[Material provided — start]

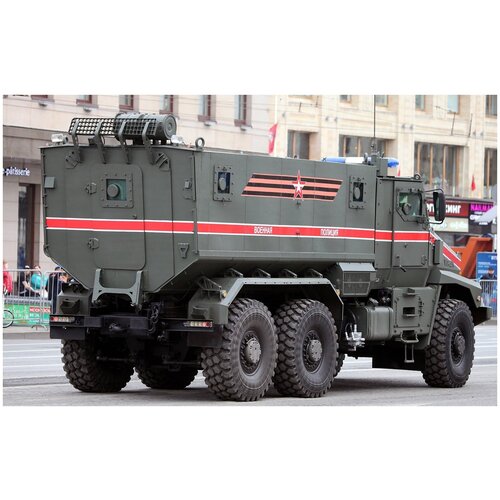 35008RPG Российский бронированный автомобиль Тайфун-У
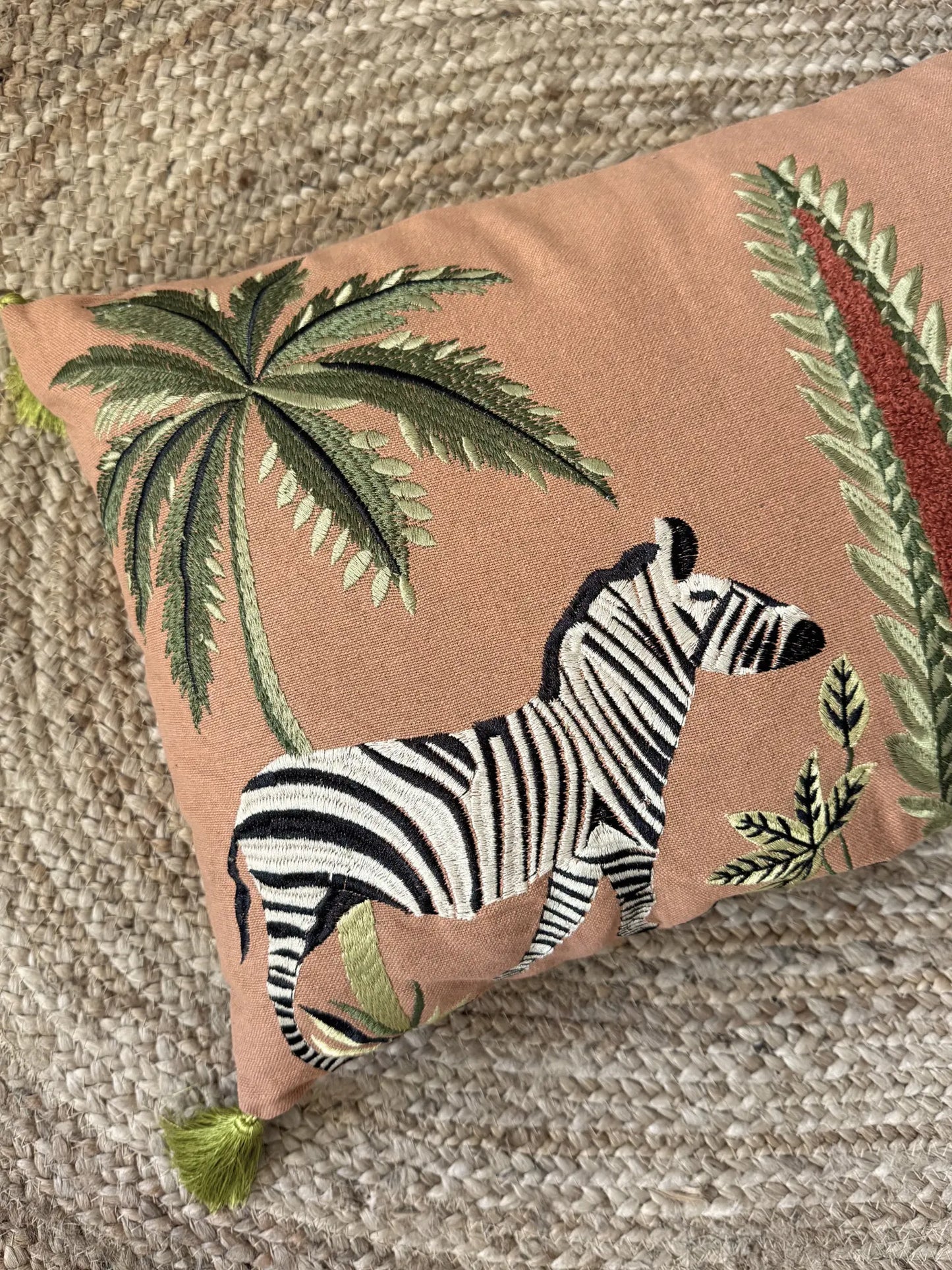 Kussen zebra Imbarro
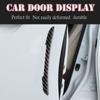 Защита двери автомобиля из углеродного волокна и защита зеркала заднего вида подходят для всех автомобилей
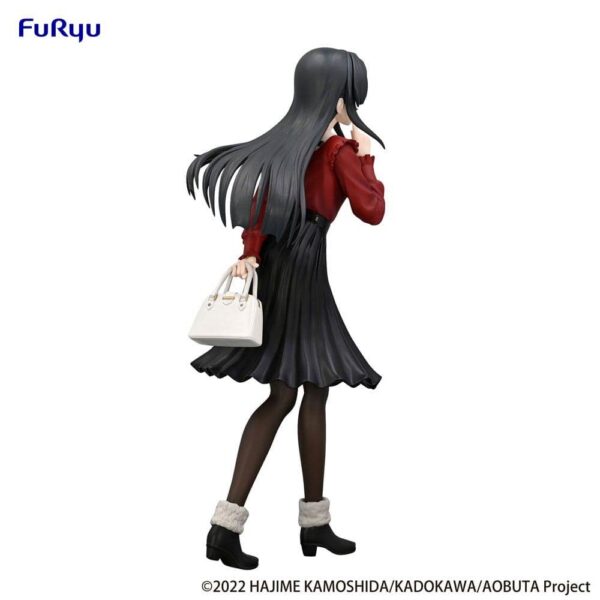 Rascal Does Not Dream of Bunny Girl Senpai PVC Statue Mai Sakurajima Winter Outfit Ver. 21 cm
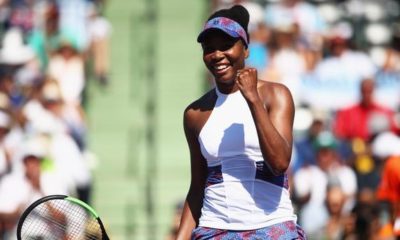 WTA: Venus Williams loses set despite 5-0 lead - and wins match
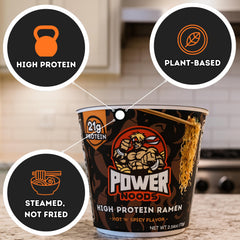 Power Noods lunch or dinner-ready ramen for fast, convenient meals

[Material provided — finish]

The problem: Write out exactly, and only, the lines running from the line with "Защита двери автомобиля" to the last line above, both included, with all pictures omitted.

Result for this exercise:
 Защита двери автомобиля из углеродного волокна и защита зеркала заднего вида подходят для всех автомобилей
 Rascal Does Not Dream of Bunny Girl Senpai PVC Statue Mai Sakurajima Winter Outfit Ver. 21 cm
 WTA: Venus Williams loses set despite 5-0 lead - and wins match
 Power Noods lunch or dinner-ready ramen for fast, convenient meals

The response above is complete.